:: Aim of the task ::
When you reach the line with "Lena Rajca Lena Rajca" in the listing below, transcribe it and each line after it up to and including the line with "310 40th Street Cir W, Palmetto, FL, 34221", exactly and with nothing else.

:: Exercise material ::
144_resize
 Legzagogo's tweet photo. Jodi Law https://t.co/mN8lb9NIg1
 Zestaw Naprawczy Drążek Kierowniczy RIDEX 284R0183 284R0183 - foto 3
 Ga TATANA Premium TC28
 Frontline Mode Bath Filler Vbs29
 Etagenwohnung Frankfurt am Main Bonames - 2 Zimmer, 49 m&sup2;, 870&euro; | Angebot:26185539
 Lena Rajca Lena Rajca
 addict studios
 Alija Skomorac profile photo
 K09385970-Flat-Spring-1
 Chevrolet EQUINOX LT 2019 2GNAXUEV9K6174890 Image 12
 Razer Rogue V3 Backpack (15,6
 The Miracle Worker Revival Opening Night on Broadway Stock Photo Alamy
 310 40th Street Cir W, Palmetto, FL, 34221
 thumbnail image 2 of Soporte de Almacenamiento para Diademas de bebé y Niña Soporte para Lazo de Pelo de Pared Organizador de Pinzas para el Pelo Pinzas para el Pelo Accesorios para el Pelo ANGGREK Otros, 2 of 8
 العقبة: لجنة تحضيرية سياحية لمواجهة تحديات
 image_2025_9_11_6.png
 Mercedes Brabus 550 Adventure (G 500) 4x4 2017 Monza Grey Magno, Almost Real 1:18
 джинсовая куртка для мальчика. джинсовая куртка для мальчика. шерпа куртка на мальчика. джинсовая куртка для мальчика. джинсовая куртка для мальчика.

:: Written response ::
 Lena Rajca Lena Rajca
 addict studios
 Alija Skomorac profile photo
 K09385970-Flat-Spring-1
 Chevrolet EQUINOX LT 2019 2GNAXUEV9K6174890 Image 12
 Razer Rogue V3 Backpack (15,6
 The Miracle Worker Revival Opening Night on Broadway Stock Photo Alamy
 310 40th Street Cir W, Palmetto, FL, 34221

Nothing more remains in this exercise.